Abstract

Data is power, assuming you know how to use it. The organizations that will be most successful over the next decade are those that recognize this simple fact. The advantage provided by data that has been transformed into useful information is undeniable: information derived from measurement data can be used to drive differentiation, optimization, and innovation. The future's biggest data challenge lies in effectively managing acquired data to give context to what is otherwise just a series of numbers across thousands of files. Instrumentation hardware vendors have accelerated data collection rates so quickly and enabled engineers and scientists to break through data rate and resolution-barriers so rapidly that today, data is coming in at a truly blistering pace. Unfortunately, the same can't be said for the rate of education on proper data storage, management and post-processing techniques. As a result, many organizations have been forced to devise their own schemes for data storage and management since they've effectively been left to their own accord.
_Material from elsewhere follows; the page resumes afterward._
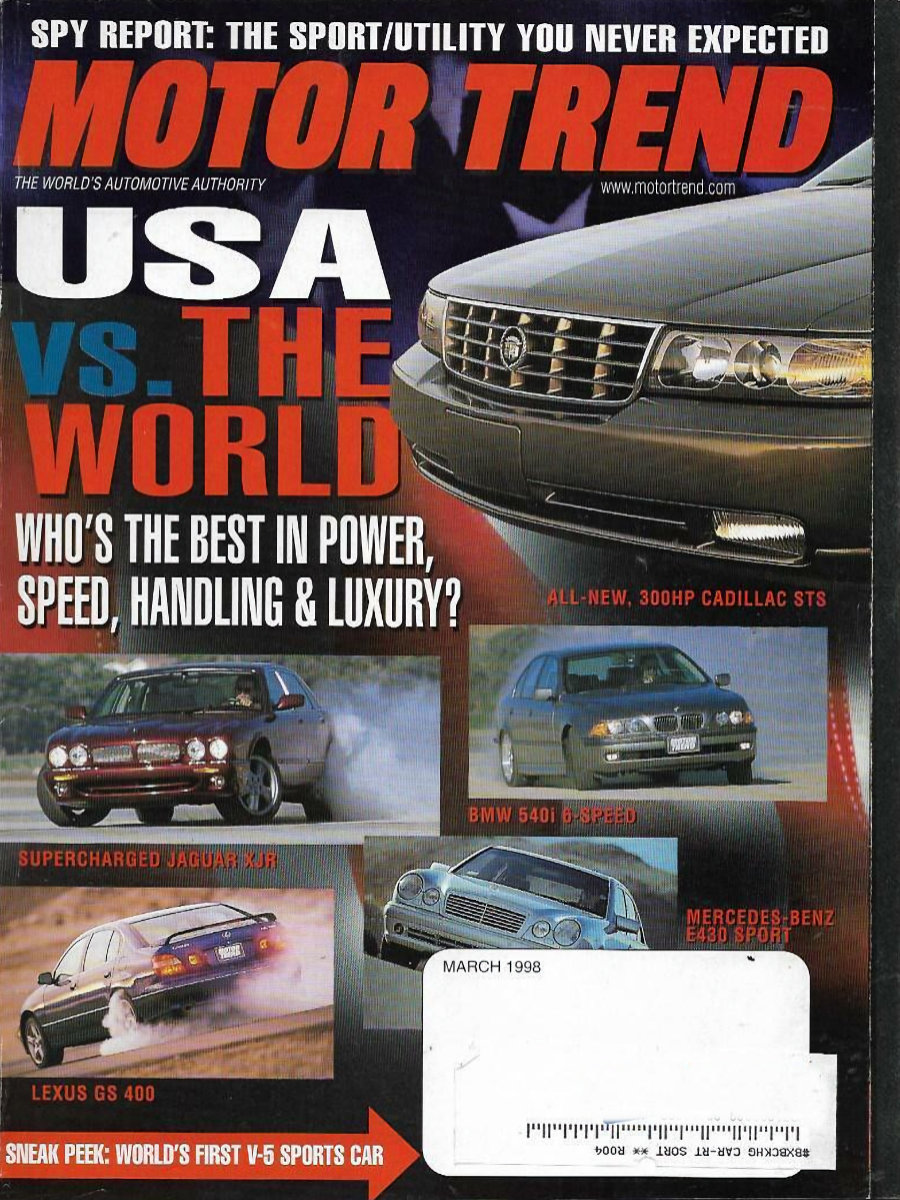Motor Trend Mar 1998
As a further consequence, many groups within the same organizational entity have adopted conflicting data strategies; this fractured outcome makes it nearly impossible to yield efficiency gains from data collaboration and knowledge sharing. After a brief introduction to the significance of data in the world today and the challenges that engineers and scientists currently face, this presentation will educate the audience on several technologies and techniques that provide a more modular, scalable approach to data management and yield the following benefits: Acquired data will gain context: descriptive information stored throughout the data acquisition and processing life cycle makes data traceable, trackable, usable, and logical to store. Acquired data will be searchable: data mining makes it easy to locate the data that you need, when you need it. Acquired data will be easier to process: from analysis to reporting, data management reduces the many roadblocks in data processing, particularly as data sets grow in size.